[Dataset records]
____________________

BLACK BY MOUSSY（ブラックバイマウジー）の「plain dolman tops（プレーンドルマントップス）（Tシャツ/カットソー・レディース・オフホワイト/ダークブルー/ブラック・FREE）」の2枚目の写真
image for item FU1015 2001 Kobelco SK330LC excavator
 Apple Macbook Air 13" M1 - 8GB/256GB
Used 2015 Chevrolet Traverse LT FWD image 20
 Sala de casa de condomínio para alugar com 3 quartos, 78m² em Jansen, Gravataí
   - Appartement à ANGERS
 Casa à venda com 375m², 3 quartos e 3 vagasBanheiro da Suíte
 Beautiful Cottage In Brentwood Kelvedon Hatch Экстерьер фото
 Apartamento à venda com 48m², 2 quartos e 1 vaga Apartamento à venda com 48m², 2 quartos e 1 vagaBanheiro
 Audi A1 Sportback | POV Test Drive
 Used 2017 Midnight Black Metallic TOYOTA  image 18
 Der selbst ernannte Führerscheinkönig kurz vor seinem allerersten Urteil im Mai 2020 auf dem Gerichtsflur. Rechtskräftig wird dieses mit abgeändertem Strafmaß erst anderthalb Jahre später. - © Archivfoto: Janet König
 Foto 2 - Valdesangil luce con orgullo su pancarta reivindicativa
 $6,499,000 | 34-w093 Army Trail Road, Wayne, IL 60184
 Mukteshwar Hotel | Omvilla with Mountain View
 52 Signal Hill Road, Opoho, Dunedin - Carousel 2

____________________

## Assignment
All that should be written out is the stretch of lines above between the one holding "Apple Macbook Air" and the one holding "Beautiful Cottage In", inclusive, exactly as given.

## Task solution
 Apple Macbook Air 13" M1 - 8GB/256GB
Used 2015 Chevrolet Traverse LT FWD image 20
 Sala de casa de condomínio para alugar com 3 quartos, 78m² em Jansen, Gravataí
   - Appartement à ANGERS
 Casa à venda com 375m², 3 quartos e 3 vagasBanheiro da Suíte
 Beautiful Cottage In Brentwood Kelvedon Hatch Экстерьер фото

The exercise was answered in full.